Are they far away, where Palestinians are forcibly removed from their homes and live as refugees, second-class citizens, under decades of occupation?
Are they in our adoration of the tree that holds a bloody body with nails piercing hands and feet for the whole world to see?
Tonight we will not rush to Sunday, but linger on Friday. We must linger in the presence of God as an experience of absence.
This is the reality, or the truth that I think Pilate asked about.
Suffering is redeemed. Death is made holy. Christ’s agony and bleeding, in his death, is at the thin place of utter hopelessness and abandonment, and while all seems lost God really and truly is, while hidden, present.

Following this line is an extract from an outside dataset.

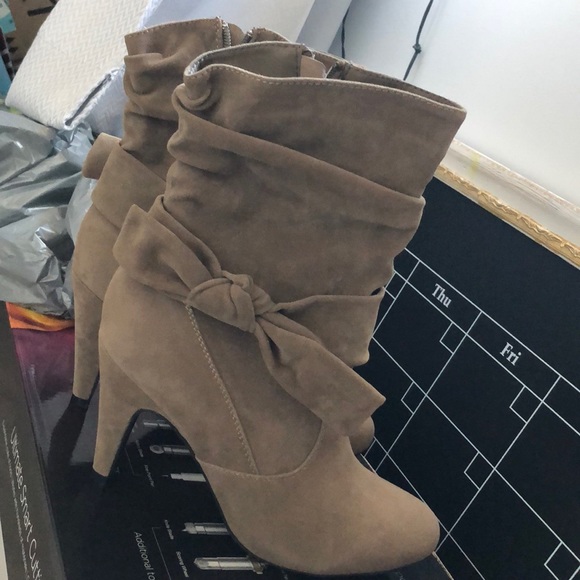 🌟Venus Microsuede heels👠 - Picture 2 of 4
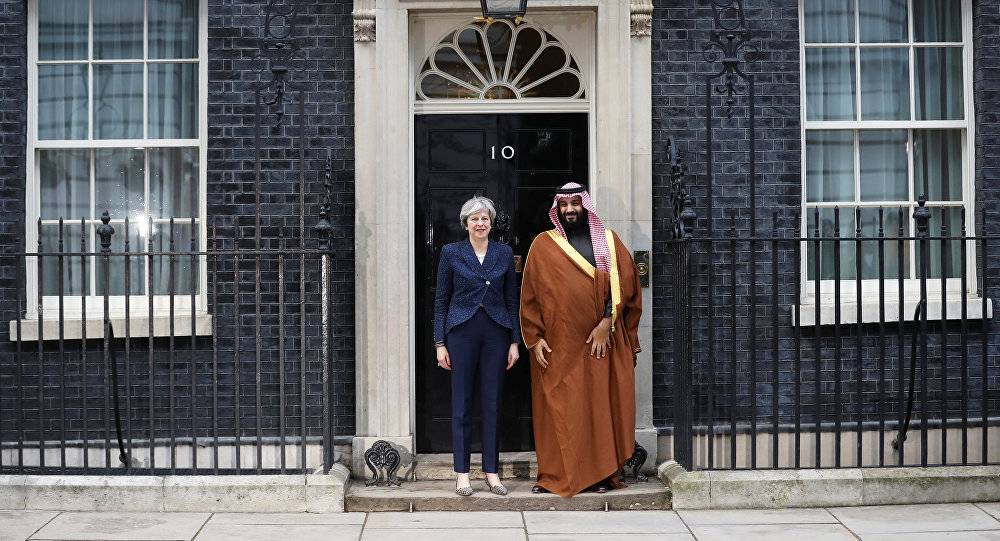 ماي تتفق مع ولي العهد السعودي على إنهاء الصراع في اليمن سياسيا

In his chapter on “The Bible and Suffering,” [from The Good Book: Reading the Bible with Mind and Heart: HarperSanFrancisco © 1996, pp 211ff] renowned Harvard preacher Peter Gomes suggests that “as a rule most modern Christians in the industrialized West, if they think of suffering at all, think that it happens to other people, or if it happens to them, that it is the exception rather than the rule of their faith, and that it must be a stroke of bad luck which God or the minister needs to explain away in a hurry.”
He goes on to say that this notion is why Mother Teresa was most disturbing, because she made no apologies for the suffering in the world, or like some that we would call saints that she was solving the matter. Gomes relates a story from the book about Mother Teresa called Something Beautiful for God in this way. When asked what “good” her work of caring for the dying in the streets of Calcutta did, what its lasting social value was, and how she could go on in the face of remorseless suffering, she replied
Without our suffering our work would be just social work, very good and helpful, but it would not be the work of Jesus Christ, no part of the Redemption. All the desolation of the poor people, not only their material poverty but their spiritual destitution, must be redeemed. And we must share it, for only by being one with them can we redeem them by bringing God into their lives and bringing them to God.
So today, we come to Jesus who suffers and dies for the redemption of the world. We declare that violence, cruelty, and wanton human destruction are not the way of Christ’s followers. We reject anti-Jewish interpretation of Jesus’ final days, and find ourselves under the indictment that we all have abandoned and rejected God’s will and ways for peace and harmony. We bring our own spiritual poverty, ignorance, and apathy at the plight of the suffering and leave it at the cross.
We might consider how the cross informs and creates something new in us. We would do well to mark the cross on our bodies as a way to allow the way of Christ’s death and resurrection to be the pattern for our every day, our relationships, our community, our prayer, our ways of serving each other and the poor.
As we come close to the hidden presence of God, the glory of Christ who died that we might be forgiven and brought to new life in the Spirit, let our song, gesture, and behavior, and finally a poet’s voice bring us to the thin place:
Weary of all trumpeting,
Weary of all killing,
Weary of all songs that sing
Promise, nonfulfilling.
We would raise, O Christ, one song:
We would join in singing
That great music pure and strong
Wherewith heav’n is ringing.
Captain Christ, O lowly Lord,
Servant King, your dying
Bade us sheathe the foolish sword,
Bade us cease denying.
Trumpet with your Spirit’s breath
Through each height and hallow:
Into your self-giving death,
Call us all to follow.
To the triumph of your cross
Summon all the living
Summon us to live by loss,
Gaining all by giving.
Suff’ring all, that we may see
Triumph in surrender;
Leaving all, that we may be
Partners in your splendor.
--Martin Franzmann
In the name of the Father, and of the +Son, and of the Holy Spirit. Amen.